§ DESCRIPTION OF THE TASK:
Beginning with the line that holds "The Special Needs" and ending with the last line, please repeat the entries exactly and omit the pictures.

§ EXTRACTED DATA:
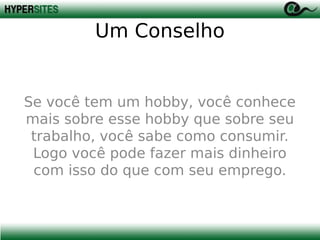 Um Conselho

Se você tem um hobby, você conhece
mais sobre esse hobby que sobre seu
trabalho, você sabe como consumir.
Logo você pode fazer mais dinheiro
com isso do que com seu emprego.

 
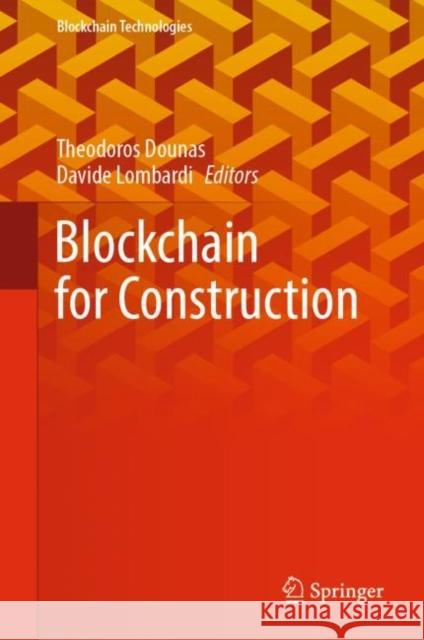 Blockchain for Construction  9789811937583 Springer Nature Singapore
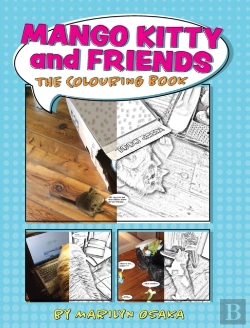 Bertrand.pt - Mango Kitty And Friends: The Colouring B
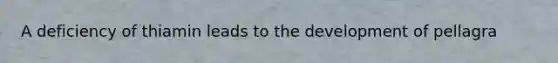 A deficiency of thiamin leads to the development of pellagra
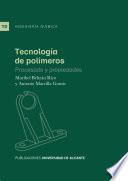 Tecnología de polímeros. Procesado y propiedades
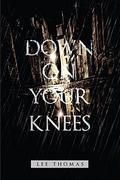 Down on Your Knees by Lee Thomas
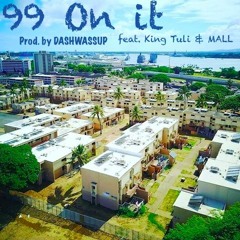 99 On It Feat. King Tuli & MALL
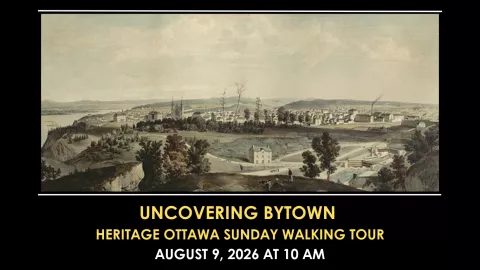 Uncovering Bytown Walking Tour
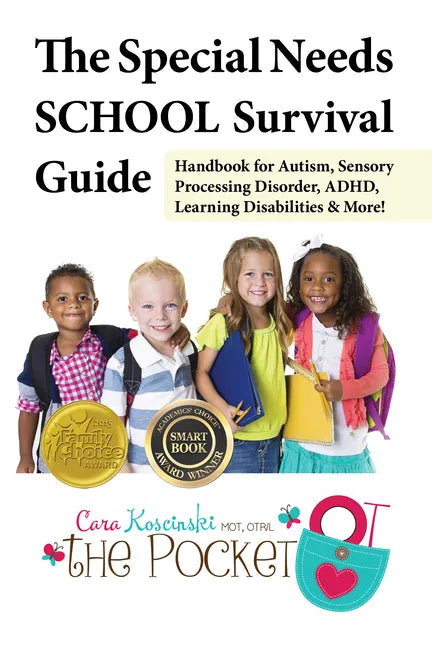 The Special Needs School Survival Guide: Handbook for Autism, Sensory Processing Disorder, Adhd, Learning Disabilities & More! - Paperback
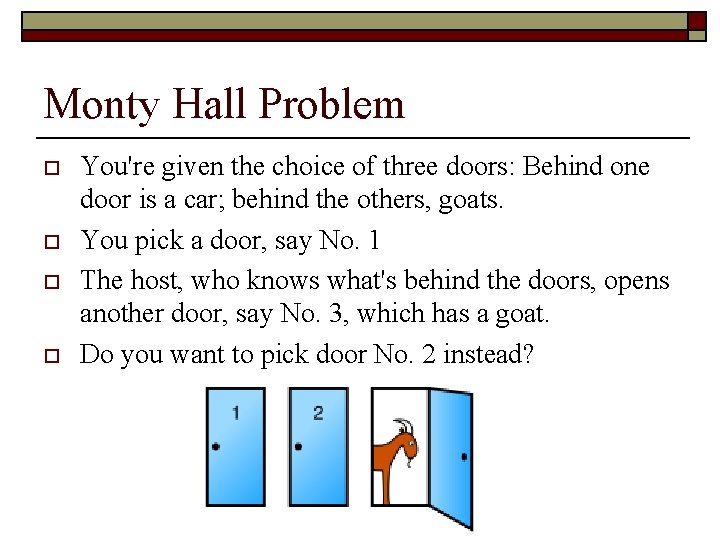 Monty Hall Problem o o You're given the choice of three doors: Behind one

§ ANSWER TO THIS EXERCISE:
 The Special Needs School Survival Guide: Handbook for Autism, Sensory Processing Disorder, Adhd, Learning Disabilities & More! - Paperback
 Monty Hall Problem o o You're given the choice of three doors: Behind one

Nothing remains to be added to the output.